INFORMATION SUPPLIED: Begin

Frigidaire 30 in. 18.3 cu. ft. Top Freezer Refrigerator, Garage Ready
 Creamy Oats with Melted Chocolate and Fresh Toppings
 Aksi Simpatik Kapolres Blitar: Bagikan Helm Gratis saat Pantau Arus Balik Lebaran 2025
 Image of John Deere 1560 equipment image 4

INFORMATION SUPPLIED: End

PROBLEM
Retype, exactly and only, the lines running from the one with "Aksi Simpatik Kapolres" through the final line of the listing above.

RESPONSE AREA
 Aksi Simpatik Kapolres Blitar: Bagikan Helm Gratis saat Pantau Arus Balik Lebaran 2025
 Image of John Deere 1560 equipment image 4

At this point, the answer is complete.